Dreadlands by Blackfox Studio
Dreadlands is a turn-based tactics game and will be immediately recognizable to fans of XCOM. This under-saturated genre is always in need of more entries, so it’s delightful to see a developer tackle it with a slightly different approach.
Set in a post-apocalyptic world of gangs, fallout and endless strife, Dreadlands provides an alternative to the high-tech aesthetic of the franchise from which it draws much of its inspiration. The game is still in Early Access, so there are many missing features and a few rough edges, but what is already here is definitely interesting.
Jump in to Gang Warfare
I found it easy to get to grips with Dreadlands thanks to its familiar interface, but the game makes sure to provide some basic starter tips to keep things friendly for new players.
The most important early decision to make is which gang to lead. Three gangs are planned, but one is currently unavailable (with release planned soon). The two gangs up for grabs at the moment include the Druidic Tribe-kin and the more conventional Scrappers. The former have animal pets for melee superiority and hunters with rifles for long-range options, while the latter specialize in traps and cobbled-together tech.
Naturally (pun intended), the option to lead a group of Druidic warriors with massive bears for sidekicks was impossible to turn down, so Tribe-kin it was! Each gang has its own introduction with a unique mini-campaign designed to set up the unique world-view of the group.
The Tribe-kin are a fractured gang that partake of various substances of uncertain origin whilst mixing their love of nature with a talent for wielding rifles. Their introduction involves providing various services for their spiritual leaders, often involving interacting with usually hostile Tribe-kin rivals.
An overworld map serves as the backdrop for most of the macro-level decisions and storytelling. A base camp can be visited to purchase resources, upgrade or customize troops and to pick up missions. I found it particularly important to stock up on ammo between missions. Bandages are another crucial tool for keeping units in the game during tougher jobs.
Tactics And Bears
Exploring the overworld can lead to random encounters with other gangs, and there are plenty of hostile areas dotted around the map, many of which are labeled as a high-level threat. It’s always fun to walk past late-game dangers early on in a campaign.
The combat missions are very familiar if you’ve ever played XCOM, with a few noteworthy differences. Long-range sniping and cautious play are less prevalent whilst melee is a more viable tactic. Despite my preference for deploying hunters with their rifles, they were often less effective than sending in a furious bear to sort things out.
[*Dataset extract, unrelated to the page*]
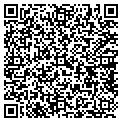 QR code with Hatchbax Delivery contacts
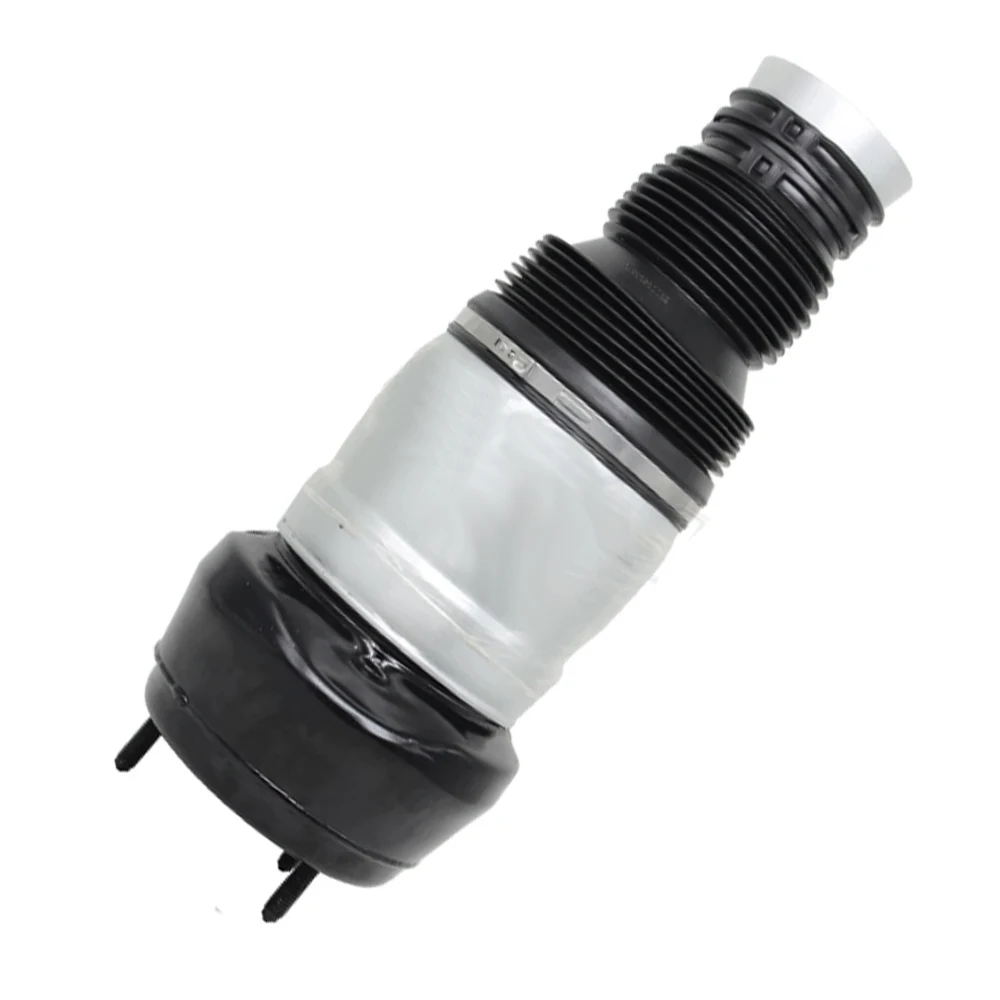 2 pieces one pair repair kits air pillows Air suspension air spring W166 front repair kit 1663206713 /166 320 6813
Thankfully, the latter method is at least as enjoyable.
The action is supplemented and sometimes given a twist through the addition of “tactics cards.” These allow for a variety of curve-balls, such as laying hidden traps for enemies or providing an additional action for your characters. Some can throw in more insidious tricks like jamming enemy weapons. Tactics cards help to keep things fresh and tend to provide unexpected surprises in missions.
A Brighter, More Colorful Apocalypse
I found the visuals of Dreadlands to be a mixed bag. The game’s art is superb, and the chosen aesthetic is a great attempt to add some flare to the usually drab post-apocalyptic style. There is more than a little Borderlands to be found in the recipe, here.
The music, too, is atmospheric and on point- providing a tense and absorbing backdrop for the action and story. The incomplete nature of the game, however, means that there are a lot of rough edges at the moment, and some menus overlap with other GUI elements. Hopefully, this will be dealt with in time, as the design philosophy is otherwise very appealing.
Dreadlands is an interesting take on a genre that was in need of more love. The foundations here are strong; the gangs provide varied and enjoyable gameplay that is further diversified through the many tactics cards that can be used during combat. The personality of each gang is also punchy, something that is backed up through the colorful aesthetics of the game. There are a few little issues here and there, but most of these come down to the early stage of development.
Dreadlands is definitely a title to keep an eye on for fans of strategy and post-apocalyptic punk-Druids.
Dreadlands is available in Early Access via Steam.